Lezley McSpadden, mother of Michael Brown, lost a hotly contested 3-way race for a seat on Ferguson’s city council Tuesday night. Had she won, McSpadden would have helped oversee the police force whose officer shot and killed her son in 2014.
According to the St. Louis Post-Dispatch, Fran Griffin, a local activist and organizer who sits on several community boards in the majority-black suburb, won 44 percent of the vote. In winning the seat, Griffin, who is black, ousted incumbent Keith Kallstrom, who received a little more than a third of the vote.
McSpadden announced her candidacy for the Ferguson City Council race last year, moving to the third ward so she could be eligible for the seat. Before she formally announced her campaign, McSpadden wrote an op-ed for The Root explaining her desire to move into politics.

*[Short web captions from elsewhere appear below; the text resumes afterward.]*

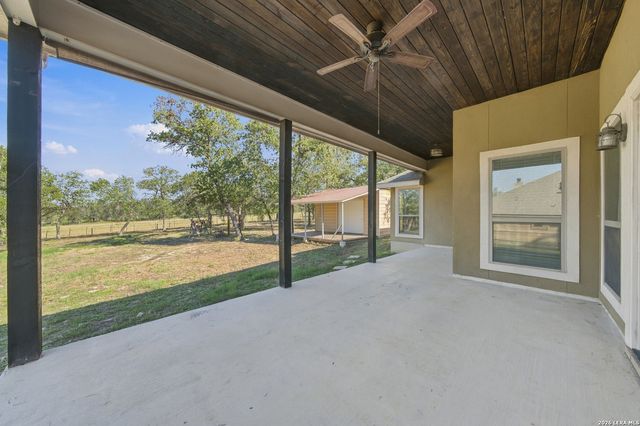 237 Great Oaks Blvd, La Vernia, TX 78121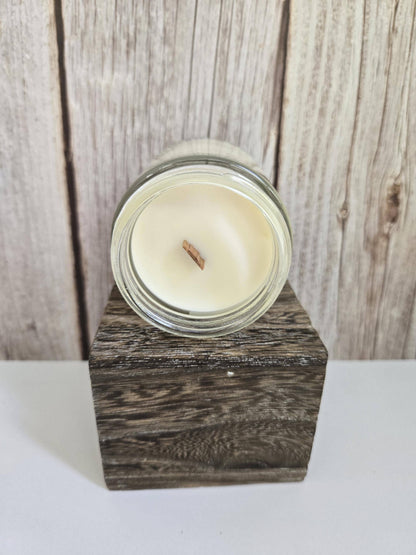Frosted Berry Soy Candle with Crackling Wooden Wick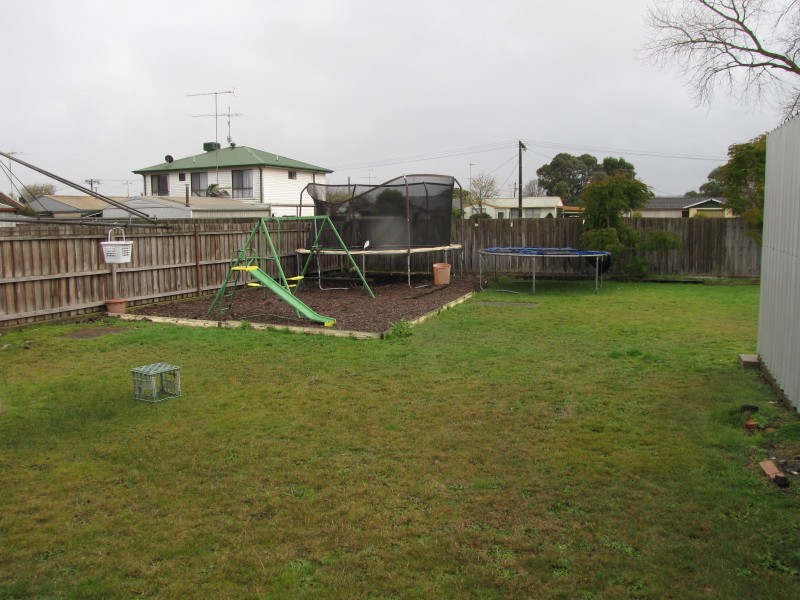 10 Mirboo Street, Newborough VIC 3825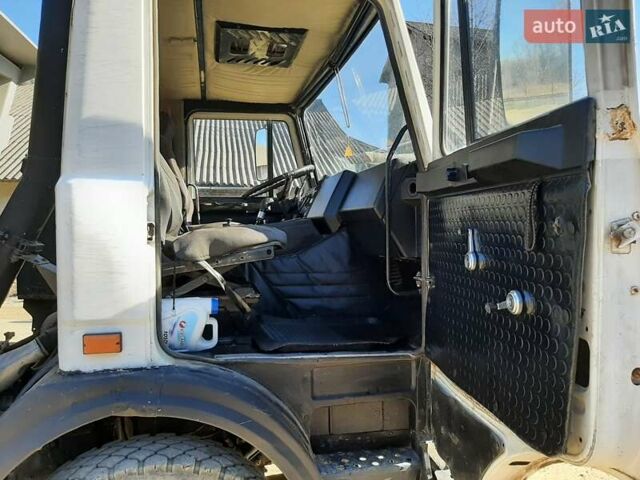 Белый МАЗ 551605, объемом двигателя 14.86 л и пробегом 190 тыс. км за 11600 $, фото 13 на Automoto.ua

“We need to rebuild the entire system from the inside out,” McSpadden wrote. “The only way that can be done is by having people, like me, who have been harmed by the system working inside it to make the right change that is needed.”
She recently reiterated her stance to the Associated Press, stressing that police accountability would be a top priority for her if elected to the Council.

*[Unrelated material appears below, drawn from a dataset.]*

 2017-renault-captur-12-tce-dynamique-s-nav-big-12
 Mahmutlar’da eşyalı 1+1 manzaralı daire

“I wanted to go back and do something right in a place that did something so very wrong to my son, and I think that’s what my son would want as well,” McSpadden told the AP.

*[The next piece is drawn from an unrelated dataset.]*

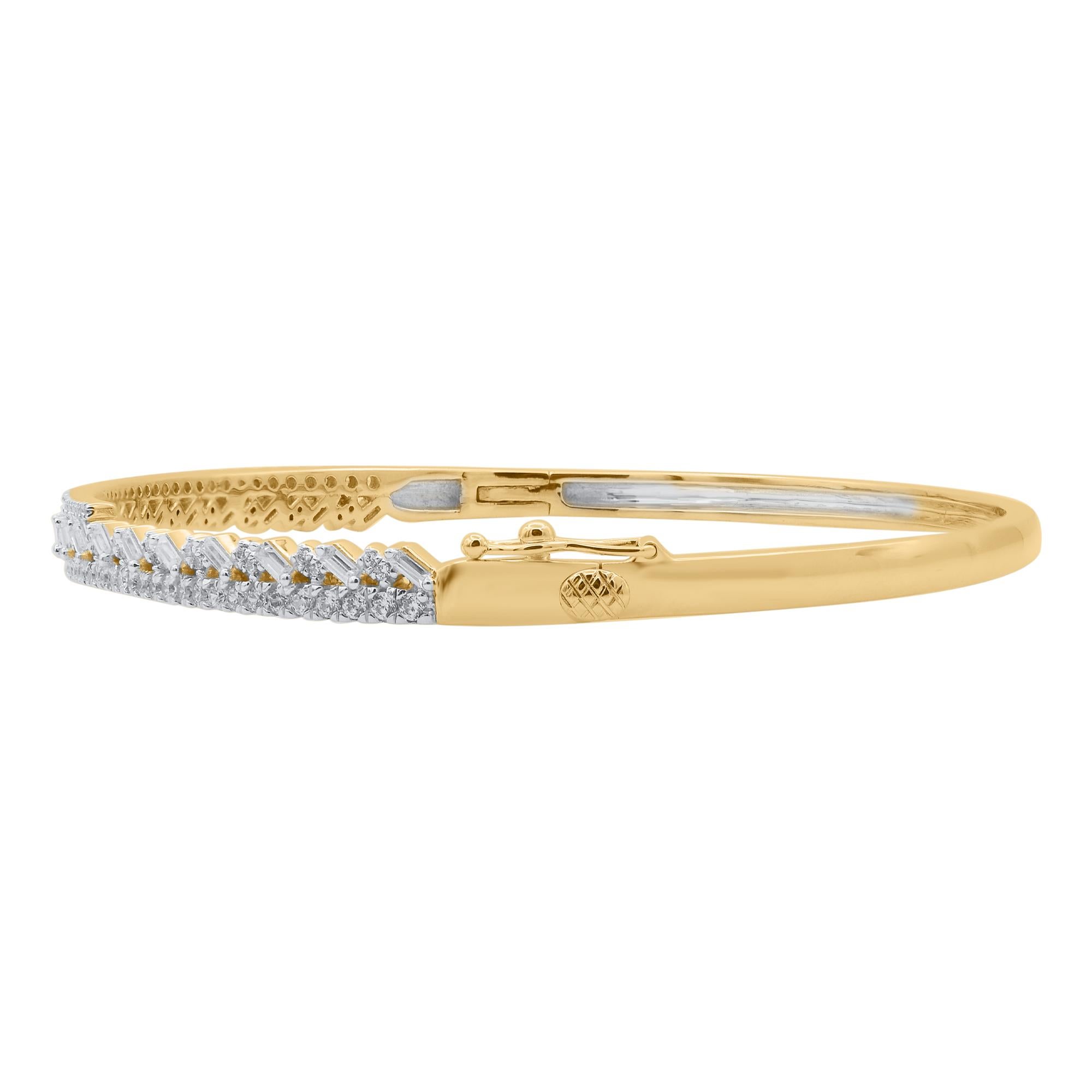 Add a sweet touch to all your favourite looks with this subtle diamond bangle bracelet.
This Shimmering bangle bracelet features 139 natural single cut, brilliant cut & baguette diamonds in prong setting and crafted in 14kt yellow gold. Diamonds are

Since her son’s death at the hands of Ferguson police officer Darren Wilson, McSpadden has become increasingly active in politics. She’s a member of the “Mothers of the Movement,” a group of black women who have had their children or family members killed by police or vigilantes. The group also includes Rep. Lucy McBath, who won her bid for a Georgia congressional seat last year. Like McSpadden, McBath’s campaign and legislative priorities were shaped by the death of her son, 17-year-old Jordan Davis, who was shot and killed by a white man at a Florida gas station in 2012 after an argument over loud music.
McBath wished McSpadden good luck Tuesday evening before the election results came in.
Brown’s death helped galvanize the Black Lives Matter movement, with the protests in Ferguson, Mo., permanently reshaping the political and social justice landscape in the St. Louis region and across the country.
Speaking to The Root last November, McSpadden said her campaign was part of a larger turning point for her—a way of fulfilling her son’s promise.
She said she knew Michael would be proud of her.
“I would never give up until I feel that in some way he has earned the respect that he deserves,” McSpadden said. “And I’m going to be the one to define my son’s legacy—his mother.”